Give back an exact copy of the lines in the records below, from the line that has "Ring Armor dėklas" through the line that has "Bamboo Zip Pajamas | Peace", and nothing besides.

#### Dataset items

· · · · ·

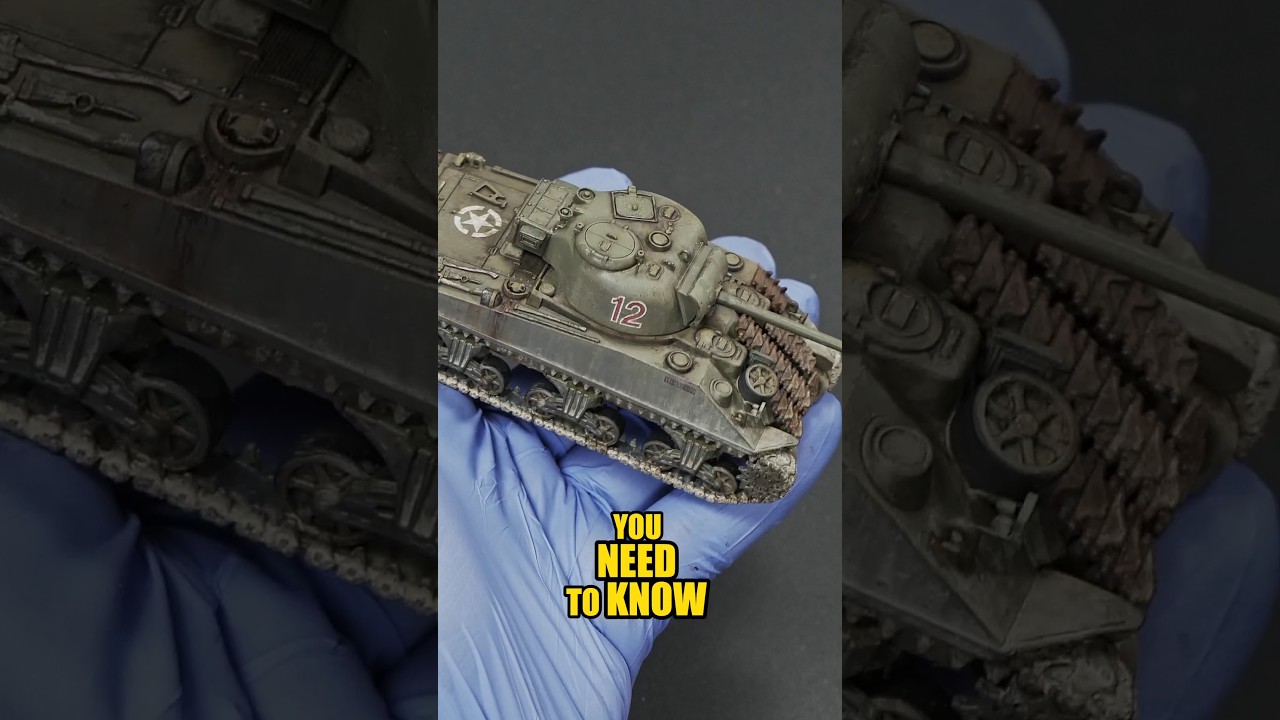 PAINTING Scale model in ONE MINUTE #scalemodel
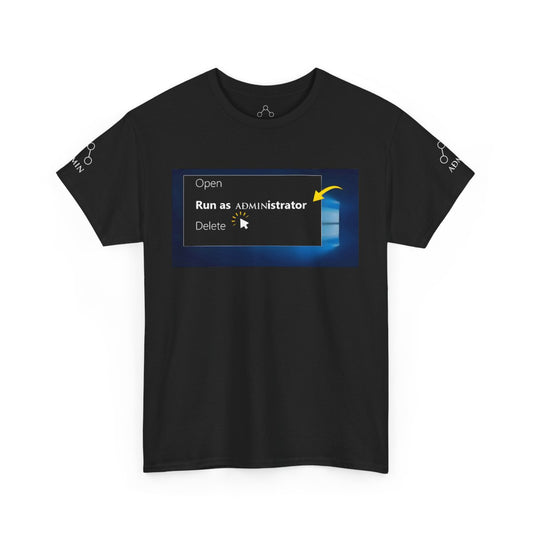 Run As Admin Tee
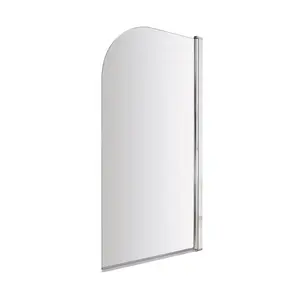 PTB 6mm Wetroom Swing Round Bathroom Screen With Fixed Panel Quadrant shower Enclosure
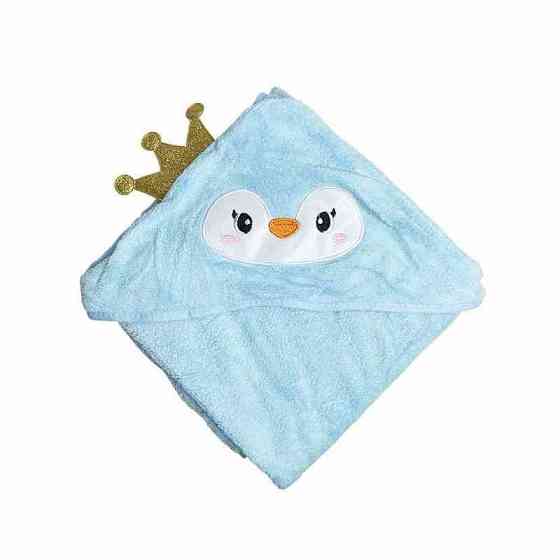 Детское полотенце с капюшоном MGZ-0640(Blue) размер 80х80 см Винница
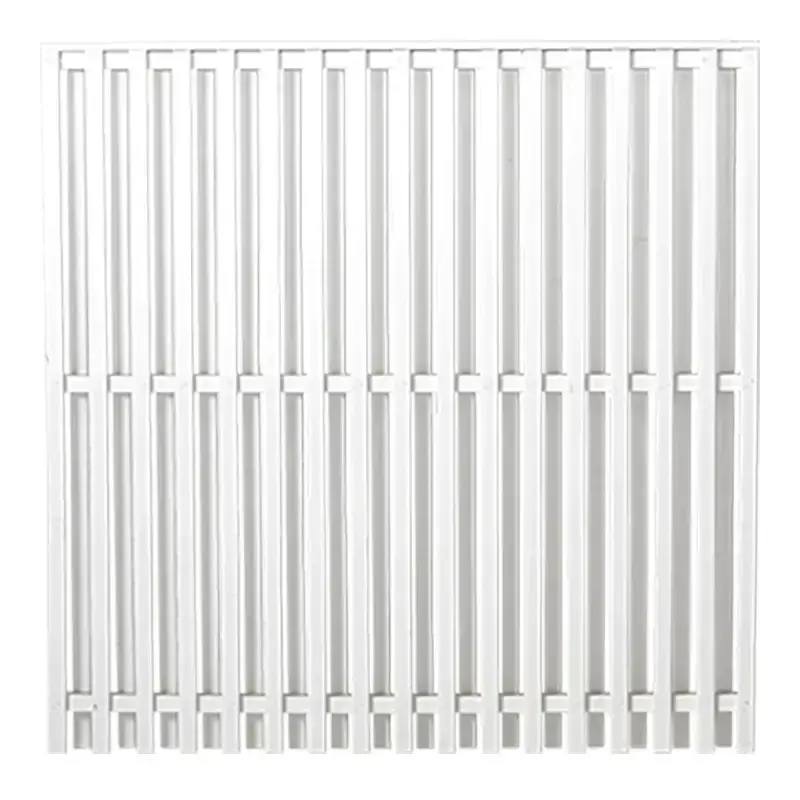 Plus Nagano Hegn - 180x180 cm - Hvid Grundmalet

· · · · ·

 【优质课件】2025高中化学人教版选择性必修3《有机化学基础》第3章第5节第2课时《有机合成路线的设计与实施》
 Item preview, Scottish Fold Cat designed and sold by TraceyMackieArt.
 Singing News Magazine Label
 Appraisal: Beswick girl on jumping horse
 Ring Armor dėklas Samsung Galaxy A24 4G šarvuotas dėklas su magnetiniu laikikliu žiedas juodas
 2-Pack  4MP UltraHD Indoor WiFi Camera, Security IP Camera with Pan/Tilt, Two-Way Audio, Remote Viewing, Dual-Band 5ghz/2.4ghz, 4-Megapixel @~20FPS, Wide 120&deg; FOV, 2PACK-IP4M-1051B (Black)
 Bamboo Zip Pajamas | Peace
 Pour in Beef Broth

· · · · ·

#### RESPONSE TO THIS TASK
 Ring Armor dėklas Samsung Galaxy A24 4G šarvuotas dėklas su magnetiniu laikikliu žiedas juodas
 2-Pack  4MP UltraHD Indoor WiFi Camera, Security IP Camera with Pan/Tilt, Two-Way Audio, Remote Viewing, Dual-Band 5ghz/2.4ghz, 4-Megapixel @~20FPS, Wide 120&deg; FOV, 2PACK-IP4M-1051B (Black)
 Bamboo Zip Pajamas | Peace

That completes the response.